Syryjscy chrześcijanie zdobyli się na ten szczególny gest miłosierdzia w okresie Ramadanu. 

Konkretnym gestem miłosierdzia w czasie Ramadanu, czyli muzułmańskiego miesiąca postu, są posiłki przygotowywane dla ubogich wyznawców tej religii przez chrześcijan. Jest to znak tym bardziej wymowny, że ma to miejsce w Syrii, a dokładnie w oblężonym od miesięcy Aleppo, gdzie pożywienie stanowi produkt deficytowy. Punkt dystrybucji żywności znajduje się przy syryjskoprawosławnej katedrze św. Efrema. Co ciekawe, nie są to wyłącznie półprodukty, ale i gotowe potrawy, które zgodnie z przepisami swej religii muzułmanie mogą zjeść w Ramadanie dopiero po zapadnięciu zmroku. Chrześcijanie podkreślają, że w ten prosty sposób chcą okazać wyznawcom islamu solidarność i bliskość. Podkreślają przy tym, że poprzez takie właśnie zwyczajne gesty można zacząć odbudowywać w Syrii pokojowe współistnienie wyznawców różnych religii, które znamionowało ten kraj przed wybuchem wojny.

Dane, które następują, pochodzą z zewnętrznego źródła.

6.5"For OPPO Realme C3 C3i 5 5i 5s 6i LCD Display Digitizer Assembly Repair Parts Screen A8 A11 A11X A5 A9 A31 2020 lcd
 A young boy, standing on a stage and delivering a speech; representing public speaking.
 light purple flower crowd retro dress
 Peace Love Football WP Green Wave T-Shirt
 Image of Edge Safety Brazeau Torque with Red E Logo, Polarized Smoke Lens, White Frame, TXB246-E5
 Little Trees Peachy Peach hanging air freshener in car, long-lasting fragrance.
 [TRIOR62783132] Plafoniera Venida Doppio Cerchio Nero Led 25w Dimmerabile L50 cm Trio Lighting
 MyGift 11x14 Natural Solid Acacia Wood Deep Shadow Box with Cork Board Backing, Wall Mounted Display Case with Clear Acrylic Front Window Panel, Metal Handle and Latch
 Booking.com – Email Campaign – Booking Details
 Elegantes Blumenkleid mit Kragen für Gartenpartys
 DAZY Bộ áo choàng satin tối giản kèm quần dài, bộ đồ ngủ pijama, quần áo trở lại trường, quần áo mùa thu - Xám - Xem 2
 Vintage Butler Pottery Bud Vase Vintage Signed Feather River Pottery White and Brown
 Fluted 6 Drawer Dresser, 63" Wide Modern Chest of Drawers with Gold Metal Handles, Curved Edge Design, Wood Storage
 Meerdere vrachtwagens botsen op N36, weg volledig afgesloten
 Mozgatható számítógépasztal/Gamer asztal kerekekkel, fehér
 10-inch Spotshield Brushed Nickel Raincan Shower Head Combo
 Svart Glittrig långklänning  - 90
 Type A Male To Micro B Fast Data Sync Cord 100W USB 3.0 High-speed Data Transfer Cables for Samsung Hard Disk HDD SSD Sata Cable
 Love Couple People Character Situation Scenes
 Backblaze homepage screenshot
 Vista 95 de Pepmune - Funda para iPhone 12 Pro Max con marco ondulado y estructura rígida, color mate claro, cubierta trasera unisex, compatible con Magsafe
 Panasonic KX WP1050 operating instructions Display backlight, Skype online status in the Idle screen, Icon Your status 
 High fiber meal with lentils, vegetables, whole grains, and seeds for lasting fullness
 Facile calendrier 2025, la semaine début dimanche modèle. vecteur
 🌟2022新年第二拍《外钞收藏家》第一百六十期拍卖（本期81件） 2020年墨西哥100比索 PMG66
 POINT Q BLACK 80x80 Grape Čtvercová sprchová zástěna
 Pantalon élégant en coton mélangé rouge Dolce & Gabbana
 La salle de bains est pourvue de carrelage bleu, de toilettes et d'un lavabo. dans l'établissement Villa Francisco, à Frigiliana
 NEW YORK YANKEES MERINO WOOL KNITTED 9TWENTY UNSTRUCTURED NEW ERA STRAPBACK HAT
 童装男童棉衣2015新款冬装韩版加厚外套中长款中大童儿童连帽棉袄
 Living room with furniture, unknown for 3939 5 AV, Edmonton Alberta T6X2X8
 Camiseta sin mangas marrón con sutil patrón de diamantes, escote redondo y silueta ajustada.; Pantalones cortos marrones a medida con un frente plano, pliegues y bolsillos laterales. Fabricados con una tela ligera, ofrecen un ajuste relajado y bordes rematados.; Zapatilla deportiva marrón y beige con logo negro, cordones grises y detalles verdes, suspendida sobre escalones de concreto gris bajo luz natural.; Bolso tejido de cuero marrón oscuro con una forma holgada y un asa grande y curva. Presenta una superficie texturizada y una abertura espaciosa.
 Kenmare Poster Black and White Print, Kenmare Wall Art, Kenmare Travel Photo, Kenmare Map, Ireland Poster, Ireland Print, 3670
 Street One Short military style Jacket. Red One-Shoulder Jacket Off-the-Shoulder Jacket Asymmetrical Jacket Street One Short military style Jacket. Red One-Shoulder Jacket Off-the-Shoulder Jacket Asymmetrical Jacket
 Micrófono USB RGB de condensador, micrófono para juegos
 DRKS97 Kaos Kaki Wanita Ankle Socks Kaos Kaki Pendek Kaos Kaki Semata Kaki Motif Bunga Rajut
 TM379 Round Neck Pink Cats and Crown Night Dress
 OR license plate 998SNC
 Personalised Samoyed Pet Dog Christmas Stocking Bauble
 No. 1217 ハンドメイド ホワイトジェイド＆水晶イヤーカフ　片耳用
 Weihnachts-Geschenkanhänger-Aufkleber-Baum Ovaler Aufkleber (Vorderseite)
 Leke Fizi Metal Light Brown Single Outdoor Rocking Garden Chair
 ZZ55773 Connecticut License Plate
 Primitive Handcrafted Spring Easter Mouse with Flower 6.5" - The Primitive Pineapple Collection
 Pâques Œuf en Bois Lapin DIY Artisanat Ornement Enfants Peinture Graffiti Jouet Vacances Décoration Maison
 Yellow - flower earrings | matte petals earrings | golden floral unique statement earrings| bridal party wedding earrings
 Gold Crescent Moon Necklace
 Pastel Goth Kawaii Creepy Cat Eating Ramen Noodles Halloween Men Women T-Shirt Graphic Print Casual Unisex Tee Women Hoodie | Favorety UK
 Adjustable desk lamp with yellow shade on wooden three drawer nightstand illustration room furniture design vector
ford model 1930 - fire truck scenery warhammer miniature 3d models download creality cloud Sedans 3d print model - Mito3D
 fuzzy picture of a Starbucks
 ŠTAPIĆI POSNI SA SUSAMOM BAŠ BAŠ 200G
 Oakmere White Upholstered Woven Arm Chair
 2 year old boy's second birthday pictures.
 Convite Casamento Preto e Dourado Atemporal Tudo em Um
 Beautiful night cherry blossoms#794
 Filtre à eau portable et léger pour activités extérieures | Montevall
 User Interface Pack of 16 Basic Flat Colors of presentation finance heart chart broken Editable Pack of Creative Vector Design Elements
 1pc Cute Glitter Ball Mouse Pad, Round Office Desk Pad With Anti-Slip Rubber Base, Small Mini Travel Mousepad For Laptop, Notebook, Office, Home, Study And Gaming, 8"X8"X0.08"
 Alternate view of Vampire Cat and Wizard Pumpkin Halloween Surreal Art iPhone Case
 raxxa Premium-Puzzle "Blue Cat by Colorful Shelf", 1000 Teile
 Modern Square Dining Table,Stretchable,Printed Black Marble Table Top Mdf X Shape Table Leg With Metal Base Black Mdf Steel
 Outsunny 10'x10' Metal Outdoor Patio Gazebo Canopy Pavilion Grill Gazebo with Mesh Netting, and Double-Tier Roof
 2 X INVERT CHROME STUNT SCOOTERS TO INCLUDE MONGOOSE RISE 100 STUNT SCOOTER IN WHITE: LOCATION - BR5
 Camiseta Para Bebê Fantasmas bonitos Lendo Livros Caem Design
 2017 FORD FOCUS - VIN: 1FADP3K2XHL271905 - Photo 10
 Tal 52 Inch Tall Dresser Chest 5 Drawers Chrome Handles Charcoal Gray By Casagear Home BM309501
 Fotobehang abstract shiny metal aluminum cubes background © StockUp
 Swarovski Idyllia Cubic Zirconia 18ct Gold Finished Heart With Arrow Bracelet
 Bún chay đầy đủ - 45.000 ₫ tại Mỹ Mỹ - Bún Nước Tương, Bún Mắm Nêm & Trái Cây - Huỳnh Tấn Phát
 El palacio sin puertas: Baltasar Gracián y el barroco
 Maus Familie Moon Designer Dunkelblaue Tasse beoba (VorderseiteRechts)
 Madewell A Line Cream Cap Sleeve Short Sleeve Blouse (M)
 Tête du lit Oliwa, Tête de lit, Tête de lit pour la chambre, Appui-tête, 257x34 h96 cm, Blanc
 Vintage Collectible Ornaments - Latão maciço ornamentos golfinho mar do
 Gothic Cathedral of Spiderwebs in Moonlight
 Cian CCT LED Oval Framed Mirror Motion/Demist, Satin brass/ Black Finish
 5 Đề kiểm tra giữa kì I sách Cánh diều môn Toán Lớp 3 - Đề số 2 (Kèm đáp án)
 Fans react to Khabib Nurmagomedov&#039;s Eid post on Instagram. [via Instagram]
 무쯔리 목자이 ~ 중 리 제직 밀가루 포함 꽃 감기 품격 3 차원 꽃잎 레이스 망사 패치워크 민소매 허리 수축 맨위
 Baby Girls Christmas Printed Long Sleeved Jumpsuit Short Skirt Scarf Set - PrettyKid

Innym znakiem solidarności podjętym przez chrześcijan Aleppo w Roku Miłosierdzia jest otoczenie opieką muzułmańskich sierot, które znalazły pomoc i schronienie w strukturach kościelnych po tym, jak dom dziecka w którym mieszkały, został zbombardowany. Chrześcijanie zapraszają też wszystkie dzieci muzułmańskie do uczestnictwa w organizowanych przez nich spotkaniach i zabawach.

Warto przypomnieć, że za syryjskoprawosławną diecezję w Aleppo wciąż odpowiada metropolita Mar Gregorios Yohanns Ibrahim, który w kwietniu 2013 r. został uprowadzony wraz z drugim prawosławnym metropolitą Boulosem Yazigim. Los obydwu jest nieznany. Nie ma też pewnych dowodów na to, że jeszcze żyją.